— EXERCISE MATERIALS —
^^^^^^^^^^^^^^^^
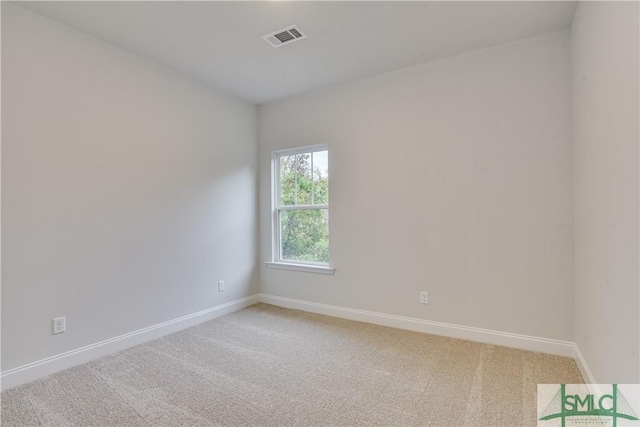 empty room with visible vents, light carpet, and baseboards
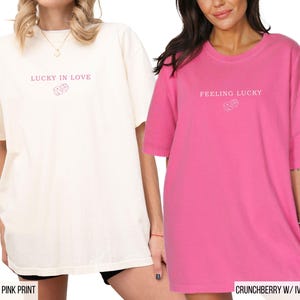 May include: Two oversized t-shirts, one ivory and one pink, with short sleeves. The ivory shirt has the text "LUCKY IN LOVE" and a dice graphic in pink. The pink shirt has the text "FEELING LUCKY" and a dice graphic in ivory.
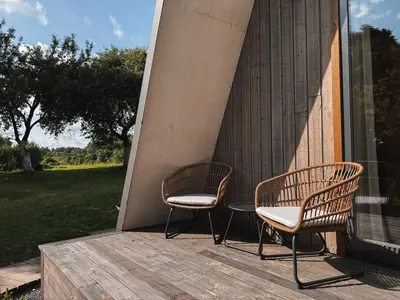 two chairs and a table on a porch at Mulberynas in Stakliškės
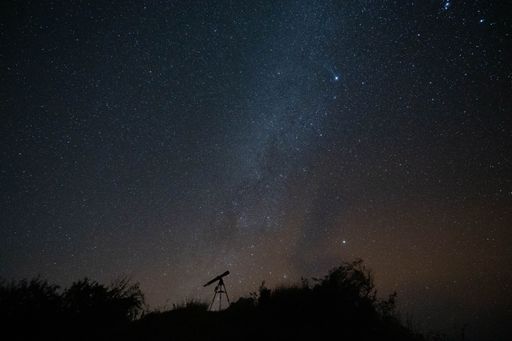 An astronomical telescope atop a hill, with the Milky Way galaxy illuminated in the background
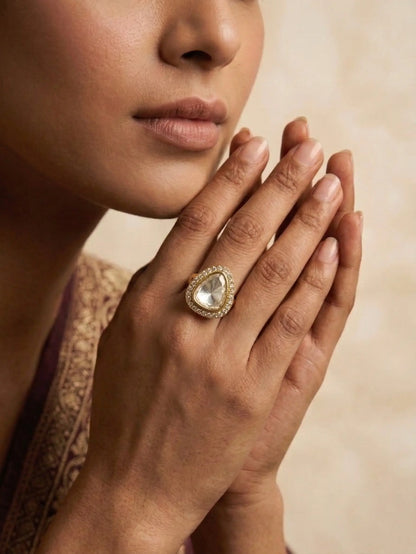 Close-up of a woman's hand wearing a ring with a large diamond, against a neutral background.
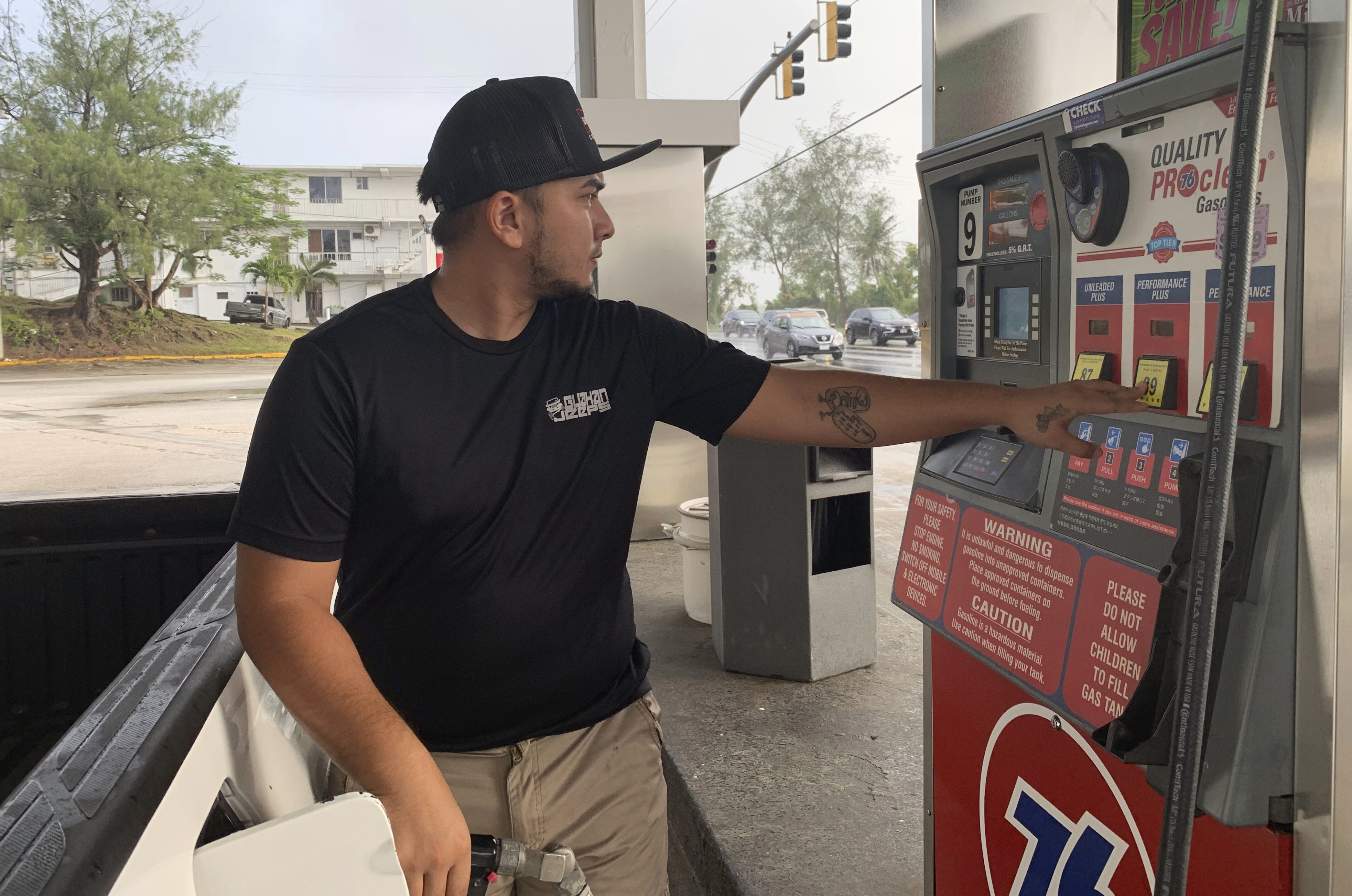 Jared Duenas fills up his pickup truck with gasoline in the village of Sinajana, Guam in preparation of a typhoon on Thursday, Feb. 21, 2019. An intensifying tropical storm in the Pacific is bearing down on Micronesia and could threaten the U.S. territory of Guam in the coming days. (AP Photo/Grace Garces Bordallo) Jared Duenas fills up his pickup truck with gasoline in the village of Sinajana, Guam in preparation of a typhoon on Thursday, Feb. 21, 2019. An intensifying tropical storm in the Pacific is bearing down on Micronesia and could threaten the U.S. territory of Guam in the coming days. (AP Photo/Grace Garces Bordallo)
^^^^^^^^^^^^^^^^
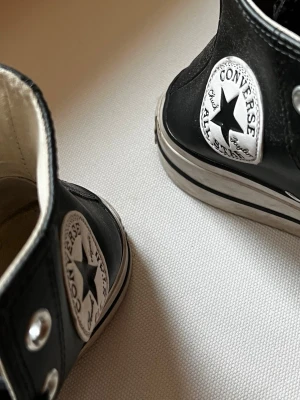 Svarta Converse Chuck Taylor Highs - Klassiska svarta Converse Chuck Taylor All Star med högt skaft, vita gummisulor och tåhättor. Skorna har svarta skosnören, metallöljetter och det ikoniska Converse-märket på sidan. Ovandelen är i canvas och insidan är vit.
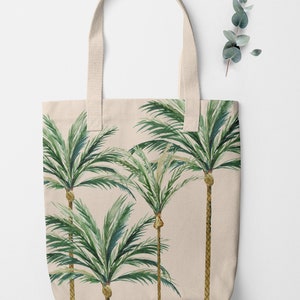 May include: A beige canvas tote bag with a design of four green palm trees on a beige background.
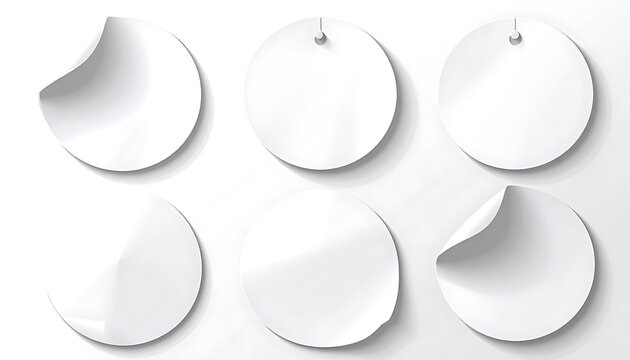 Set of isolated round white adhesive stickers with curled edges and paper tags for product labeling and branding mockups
^^^^^^^^^^^^^^^^
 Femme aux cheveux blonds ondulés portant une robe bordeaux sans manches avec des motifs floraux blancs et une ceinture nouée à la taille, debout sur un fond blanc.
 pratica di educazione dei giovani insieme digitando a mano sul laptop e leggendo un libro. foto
^^^^^^^^^^^^^^^^
— WHAT TO DO —
In the listing above, find the line containing "Femme aux cheveux" and the line containing "pratica di educazione", then retype both and every line between them exactly, with nothing else.

— OUTPUT BELOW —
 Femme aux cheveux blonds ondulés portant une robe bordeaux sans manches avec des motifs floraux blancs et une ceinture nouée à la taille, debout sur un fond blanc.
 pratica di educazione dei giovani insieme digitando a mano sul laptop e leggendo un libro. foto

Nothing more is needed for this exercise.